We told ourselves we were ready for something new — a move to Austin, maybe. But somewhere between the open houses and the endless packing, a wilder idea began to form. What if, instead of rushing to the next place, we just… went? What if we took a year to travel, to see the world, to press pause on everything we thought life had to be?

At first, it was about escape.
We had come through a rocky season in our marriage the year before, one that left me quietly questioning whether I still wanted to be in it at all. I can’t speak for him, but for me, the idea of leaving — of moving, of traveling — carried a kind of relief. If we could just get out, change the scenery, maybe we could change the story too.
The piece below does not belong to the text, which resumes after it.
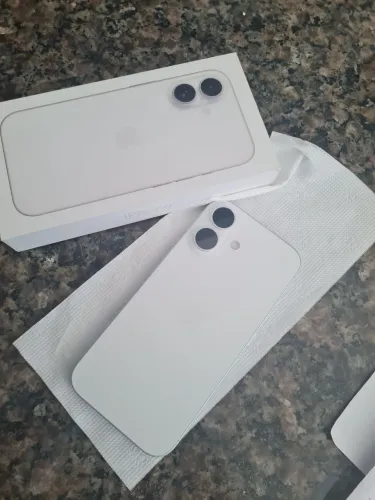 iPhone 16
We told ourselves it was about adventure, about experience, about the world as our greatest teacher. But beneath that was something softer, more fragile — a hope that motion might bring clarity, that somewhere between the temples and trains and foreign sunrises, I’d find my way back to myself.

Looking back now, I see that the plan to travel for a year wasn’t really born of wanderlust alone. It was born from a need to feel alive again, to be reminded that life could still surprise me. Maybe even heal me.

In the end, we booked the flights, packed our bags, and called it freedom. Maybe it was. Or maybe it was just the only way we knew how to move forward when standing still had become too heavy. Whatever it was, the moment our feet left the ground, I knew life would never quite look the same again.

That year would go on to unravel and reveal me in ways I could never have imagined — through quiet mornings in borrowed cities, conversations with strangers who became mirrors, and the slow, aching truth of what it means to lose yourself so completely you have no choice but to begin again.